Climbing the Leaderbord

Alice is playing an arcade game and wants to climb to the top of the leaderboard and wants to track her ranking. The game uses Dense Ranking, so its leaderboard works like this:

  • The player with the highest score is ranked number 1 on the leaderboard.
  • Players who have equal scores receive the same ranking number, and the next player(s) receive the immediately following ranking number.

For example, the four players on the leaderboard have high scores of 100, 90, 90, and 80. Those players will have ranks 1, 2, 2, and 3, respectively. If Alice's scores are 70, 80 and 105, her rankings after each game are 4th, 3rd and 1st.

Function Description

Complete the climbingLeaderboard function in the editor below. It should return an integer array where each element \$res[j]\$ represents Alice's rank after the \$j^{th}\$ game.

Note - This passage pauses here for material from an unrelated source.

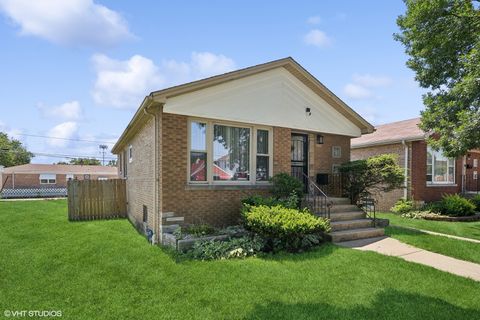 1953 E 93rd Street Chicago IL 60617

climbingLeaderboard has the following parameter(s):

  • scores: an array of integers that represent leaderboard scores
  • alice: an array of integers that represent Alice's scores

Input Format

The first line contains an integer \$n\$, the number of players on the leaderboard. The next line contains \$n\$ space-separated integers \$scores[i]\$, the leaderboard scores in decreasing order. The next line contains an integer, \$m\$, denoting the number games Alice plays. The last line contains \$m\$ space-separated integers \$alice[j]\$, the game scores.

Constraints

  • \$1 \le n \le 2 \times 10^5\$
  • \$1 \le m \le 2 \times 10^5\$
  • \$0 \le scores[i] \le 10^9\$ for \$0 \le i \lt n\$
  • \$0 \le alice[j] \le 10^9\$ for \$0 \le j \lt m\$
  • The existing leaderboard, \$scores\$, is in descending order.
  • Alice's scores, \$alice\$, are in ascending order.

Subtask

For 60% of the maximum score:

  • \$1 \le n \le 200\$
  • \$1 \le m \le 200\$

Output Format

Print \$m\$ integers. The \$j^{th}\$ integer should indicate Alice's rank after playing the \$j^{th}\$ game.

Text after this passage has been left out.